◆ **REQUIREMENT**: Transcribe the listing exactly, so that nothing but the pictures is missing.
═══ GIVEN MATERIAL ═══
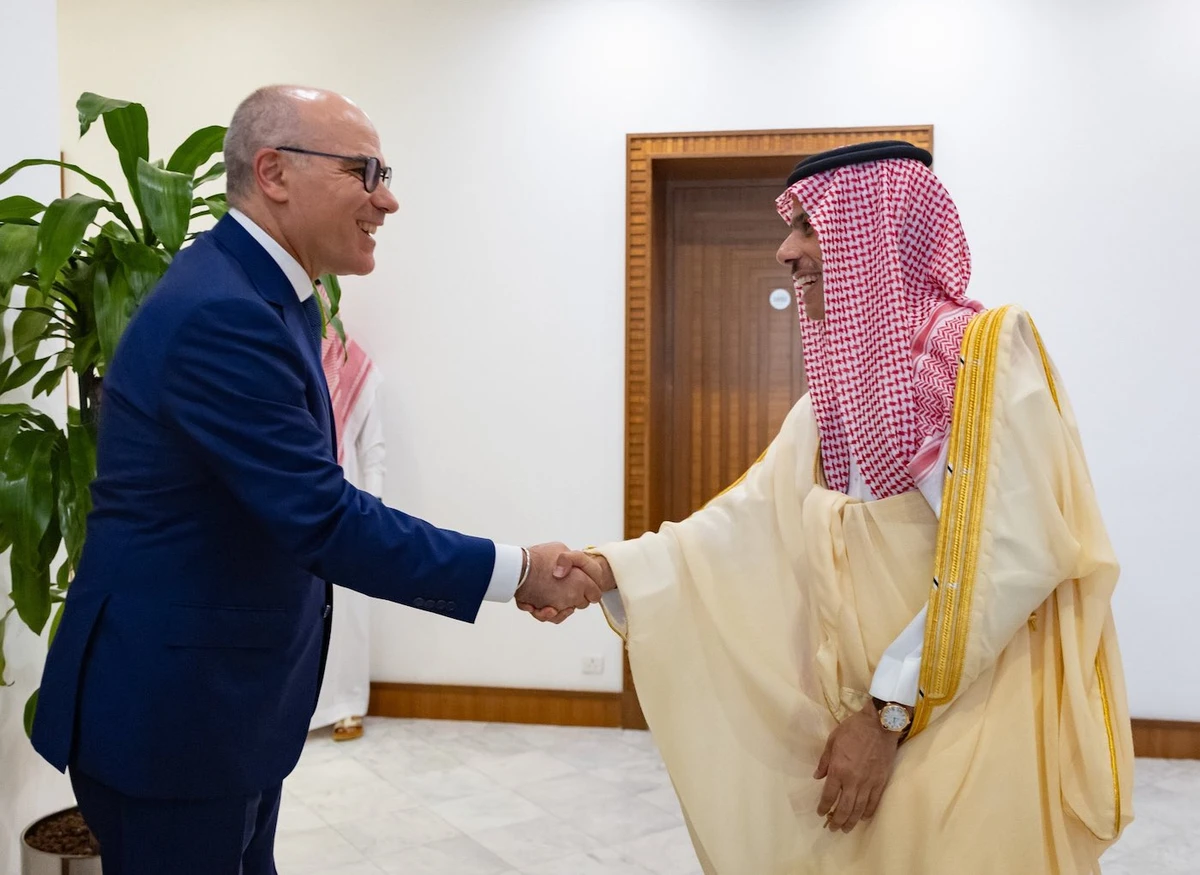 Saudi Foreign Minister Prince Faisal bin Farhan on Sunday met with his Tunisian counterpart Nabil Ammar in Riyadh. (@KSAmofaEN)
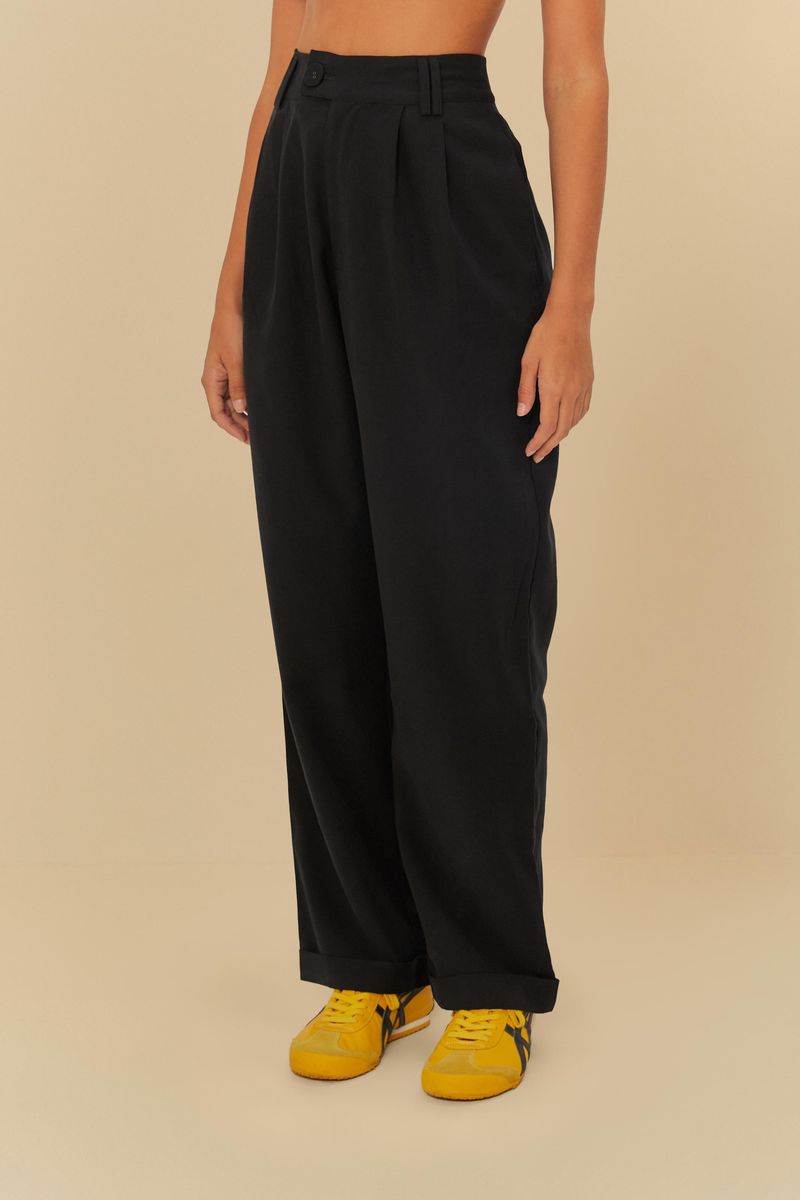 Pantalón negro de sastrería con pinzas, vista frontal, mostrando detalles del talle alto y ajuste por elástico.
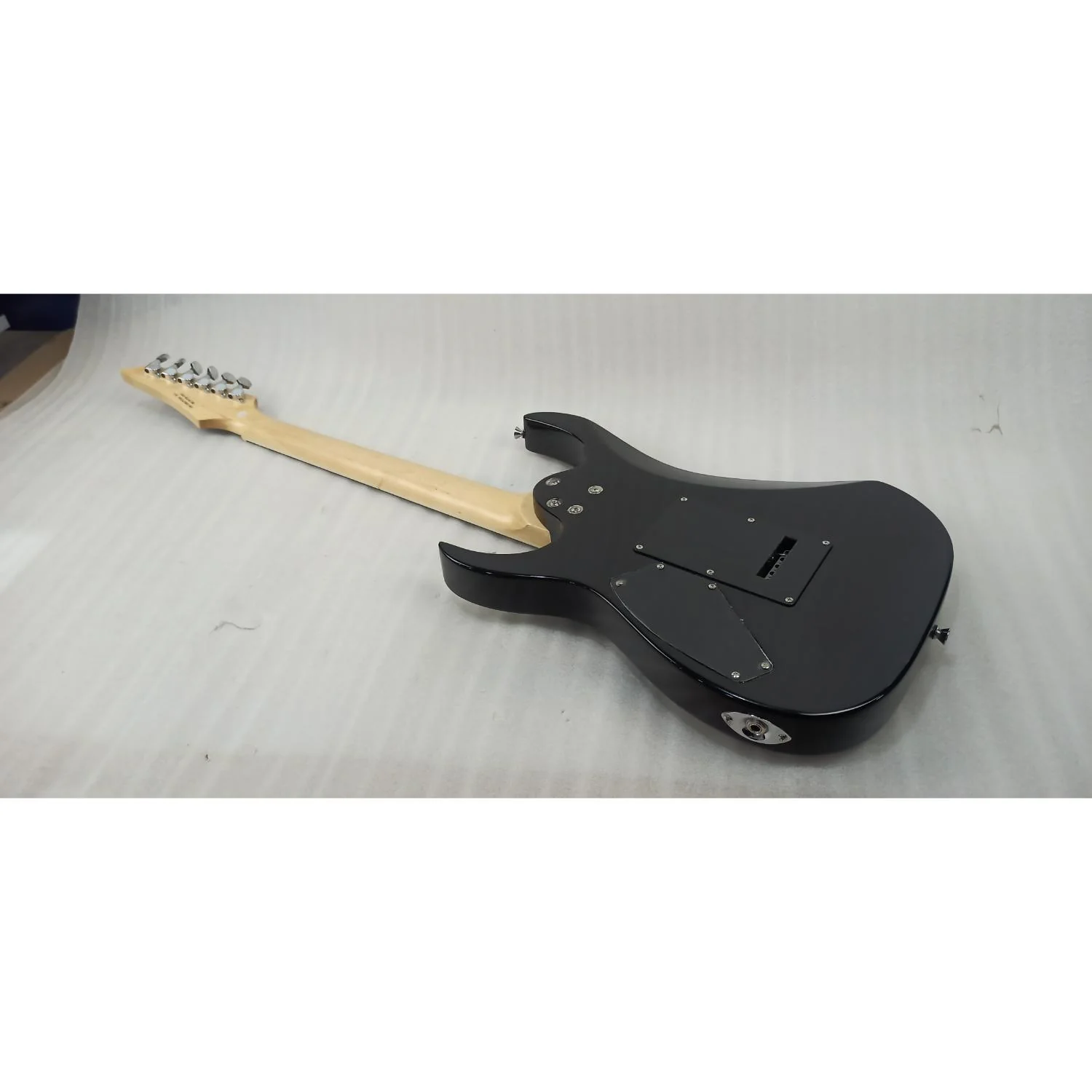 Vault RG1 Soloist Premium Electric Guitar - Open Box - Image 5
═══
◆ **ANSWER BOX**:
 Saudi Foreign Minister Prince Faisal bin Farhan on Sunday met with his Tunisian counterpart Nabil Ammar in Riyadh. (@KSAmofaEN)
 Pantalón negro de sastrería con pinzas, vista frontal, mostrando detalles del talle alto y ajuste por elástico.
 Vault RG1 Soloist Premium Electric Guitar - Open Box - Image 5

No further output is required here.